= Michael Scott Morton =

Michael S. Scott Morton (born 25 August 1937 in Mukden in Manchuria) is a business theorist, and is the Jay W. Forrester Professor of Management (Emeritus) at MIT Sloan School of Management, known for his contributions to Strategic information systems and benchmarking e-learning.

== Biography ==
After starting engineering at the University of Glasgow, Scott Morton move to the United States and completed an undergraduate degree in 1961 at Carnegie Mellon University. He received his D.B.A. from the Harvard Business School.

== Career ==

Scott Morton started his academic career in 1966 at the Massachusetts Institute of Technology, initially in the fields of Accounting and Control Systems. He was founding director of the MIT Center for Information Systems Research (CISR), serving as director from 1974 to 1976. From 1976 to 1981 he was Deputy Dean of the MIT Sloan School of Management, where later he was appointed Jay W. Forrester Professor of Management. From 1983 he was area head of the Strategy Group, and in 1992 he became area head for the Behavioral Policy Sciences (BPS) group at MIT Sloan.

Scott Morton co-founded three companies in the fields of Information and Control Systems and is active as an Angel investor. He has previously served on the boards of Index Systems Inc; Emhart Corporation; ICL Plc; Sequent Computer Systems; Genrad Corporation, and Merrill Corporation. He was a trustee of the State Street Research and Management Company funds and the Metropolitan Life Series Funds.

== Research ==
Scott Morton's early work formed the basis of what became known as Decision Support Systems: the use by managers of interactive computer systems to support their decision-making.

Dr. Scott Morton taught and did research at MIT in the areas of Corporate Strategy. In 1984 he initiated a join research program with various UK and US corporations, resulting in two books published by Oxford University Press. From 1995-1999 he was the co-director of a school-wide research initiative, which aimed to understand and invent new ways of working and put them into practice.

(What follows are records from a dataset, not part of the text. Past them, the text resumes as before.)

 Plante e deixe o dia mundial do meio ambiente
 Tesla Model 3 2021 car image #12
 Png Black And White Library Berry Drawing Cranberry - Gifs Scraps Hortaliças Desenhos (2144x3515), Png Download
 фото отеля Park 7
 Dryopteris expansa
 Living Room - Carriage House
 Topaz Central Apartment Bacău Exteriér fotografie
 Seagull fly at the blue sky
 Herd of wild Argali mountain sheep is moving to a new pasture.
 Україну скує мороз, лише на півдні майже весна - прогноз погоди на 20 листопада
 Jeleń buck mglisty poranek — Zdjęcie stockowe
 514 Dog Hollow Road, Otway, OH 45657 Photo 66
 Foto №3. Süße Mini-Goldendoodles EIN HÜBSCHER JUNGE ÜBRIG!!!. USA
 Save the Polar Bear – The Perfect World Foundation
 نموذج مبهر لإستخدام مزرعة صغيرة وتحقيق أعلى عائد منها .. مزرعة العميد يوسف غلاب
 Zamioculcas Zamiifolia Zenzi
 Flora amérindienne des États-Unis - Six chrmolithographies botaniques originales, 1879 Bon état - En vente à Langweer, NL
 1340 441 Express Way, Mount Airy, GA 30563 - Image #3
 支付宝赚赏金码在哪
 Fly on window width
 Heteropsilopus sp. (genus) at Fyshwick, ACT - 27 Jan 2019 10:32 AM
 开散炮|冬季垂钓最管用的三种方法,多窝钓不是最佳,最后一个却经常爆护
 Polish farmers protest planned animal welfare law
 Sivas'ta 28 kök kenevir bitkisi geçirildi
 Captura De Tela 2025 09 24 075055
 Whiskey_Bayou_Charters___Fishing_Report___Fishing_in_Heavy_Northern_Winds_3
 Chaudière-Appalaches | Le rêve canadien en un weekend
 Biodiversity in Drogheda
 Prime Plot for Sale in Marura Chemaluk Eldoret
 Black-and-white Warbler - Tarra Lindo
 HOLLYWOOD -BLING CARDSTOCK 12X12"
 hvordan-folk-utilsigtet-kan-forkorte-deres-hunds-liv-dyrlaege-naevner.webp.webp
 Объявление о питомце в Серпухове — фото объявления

He has most recently been involved in the Cambridge-MIT Institute (CMI), a joint venture funded by the UK's Department of Trade and Industry (DTI). The program is designed to contribute to improving Britain's performance in the areas of productivity, competitiveness, and entrepreneurship. He has authored or co-authored 8 books and numerous articles.

== Appointments ==

His formal "not for profit sector" appointments are:
- Vice President, National Trust for Scotland, Edinburgh
- Governor, Handel and Haydn Society, Boston
- Director, Scottish Institute for Enterprise
- Chairman of the Board, National Trust for Scotland Foundation
- Former member, Court of Glasgow University

==Selected publications==
Scott Morton authored or co-authored about eight books and numerous articles. Books and working papers, a selection:
- Gorry, George Anthony, and Michael S. Scott Morton. A framework for management information systems. Vol. 13. Massachusetts Institute of Technology, 1971 (1989 reprint and retrospective commentary) synthesising work from Robert Anthony and Herbert Simon.
- Michael S. Scott Morton. "Reflections of Decision Support Pioneers" on dssresources.com ()
- Keen, Peter G.W. and Michael S. Scott Morton. Decision support systems: an organizational perspective. Vol. 35. Reading, MA: Addison-Wesley, 1978.
- Luconi, Fred L., Thomas W. Malone, and Michael S. Scott Morton. Expert systems and expert support systems: the next challenge for management. (1984).
- Scott Morton, Michael S. The Corporation of the 1990s: Information Technology and Organizational Transformation. New York, 1991.
- Scott Morton, Michael S. Information Technology and the Corporation of the 1990s: Research Studies. Oxford University Press, New York, 1995.
- Malone, Thomas W., Robert Laubacher, and Michael S. Scott Morton. Inventing the Organizations of the 21st Century. The MIT Press, Cambridge, MA, 2003. (2003)

Articles, a selection:
- Benjamin, Robert I., David W. de Long, and Michael S. Scott Morton. "Electronic data interchange: how much competitive advantage?." Long Range Planning 23.1 (1990): 29-40.
- Scott Morton, Michael S. (1991). The Corporation of the 1990s. New York: Oxford University Press.
- Scott Morton, Michael S. (1995). Information Technology and the Corporation of the 1990s : Research Studies. Oxford University Press.